Cubram seus olhos, já que vocês são os que necessitarão misericórdia porque a América será livre em menos de dez anos!

E assim aconteceu. Em 9 de dezembro de 1824, um exército de 6.879 patriotas de vários países hispano-ameri­canos, sob o comando do general venezuelano Antonio José Sucre, vence o exército espanhol de 10.000 soldados, selando em Ayacucho a independência do Peru e da América do Sul.

     Esta relação estaria incompleta se não nomeássemos também o poeta andaluz Federico Garcia Lorca, que aos 38 anos cai metralhado em Granada, como uma das primeiras vítimas da Guerra Civil Espanhola e do célebre poeta inglês Lord Byron, que morreu em Missolonghi, aos 36 anos, quando lutava pela independência da Grécia.
 
     Os poetas não morrem jamais, seguem vivos no lirismo e na magia dos seus versos, na memória agradecida dos povos e nos registros indeléveis da História.
Manoel de Andrade, in As Palavras no Espelho, Escrituras Editora, São Paulo Brasil,2018, pp 73-86 
 
1 –Disponível em: <http://www.vivir-poesia.com/yaravi/>. Acesso em: 2 abr. 2011. Tradução do autor: “Ai, o amor!, doce veneno,/ ai, tema do meu delírio,/ meu ansiado martírio/ de todos os males pleno. // Ai, amor! cheio de insultos,/ centro de angústia mortal,/ onde o que é bem vira mal/ e os prazeres, tumultos. // Ai, amor! ladrão do lar/ da quietude mais estável/ Ai, amor, falso e mutável!/ Ai, que morro por te amar! // Ah, o amor! glorioso inferno/ e das infernais injúrias,/ leão de ciumentas fúrias/ disfarçado de cordeiro.// Ah, o amor!, mas o que digo?/ pois é por assim tu seres/ que abandonando os prazeres / sou eu quem a ti te sigo?”
2-  MARIÁTEGUI, José Carlos. Sete ensaios de interpretação da realidade   
3- BELLINI, Giuseppe. Nova historia de la literatura hispano-americana. Madrid: Editorial Castalia, 1997, p. 209.

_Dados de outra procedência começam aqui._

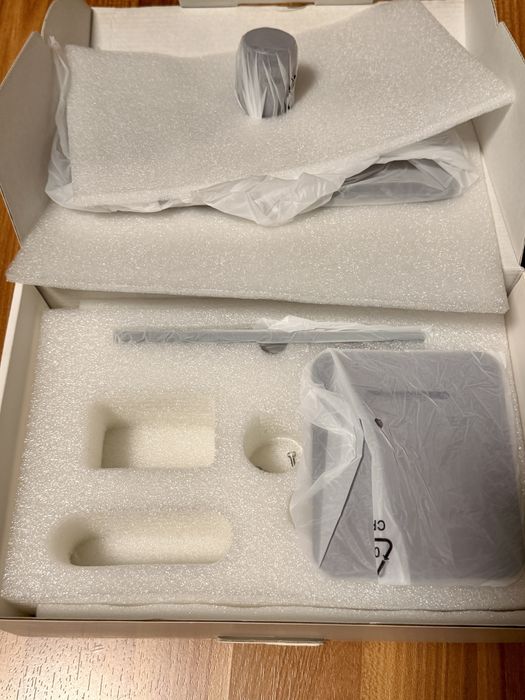 Suport Magnetic KUXIU X27 pentru iPad (Aluminiu Premium)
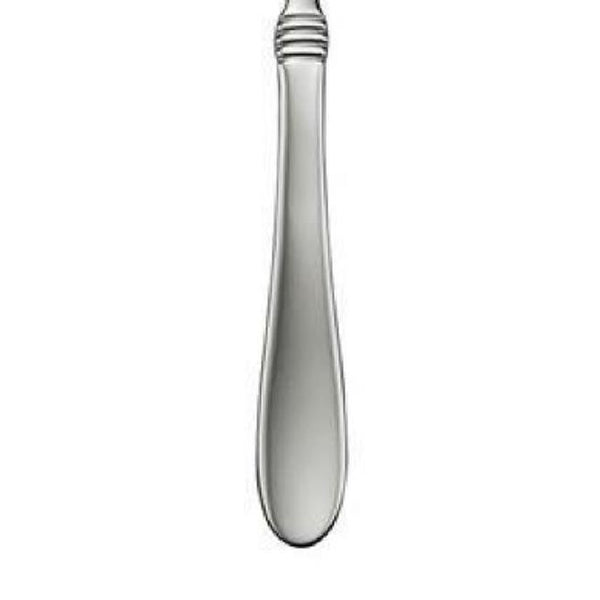 Oneida Banbury Pierced Serving Spoon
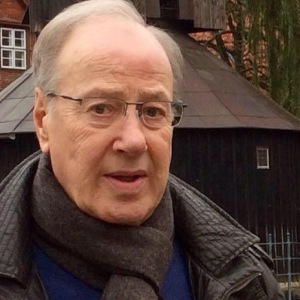 Profilbild von Reinhold Lang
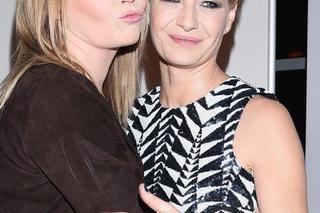 Druga szansa. Małgorzata Kożuchowska, Tamara Arciuch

“Junto com Hidalgo cabe recordar a Mariano Melgar (1791-1815), culti­vador também da poesia popular nos “yaravíes” y “palomitas”. O poeta pe­ruano, sem dúvida mais culto que Hidalgo, tradutor e imitador de Horácio e de Virgílio, manifestou, talvez por seu caráter mestiço, um profundo apego ao elemento popular quechua e à natureza, antecipando um indigenismo que dará resultados consistentes durante o Romantismo e no século XX.”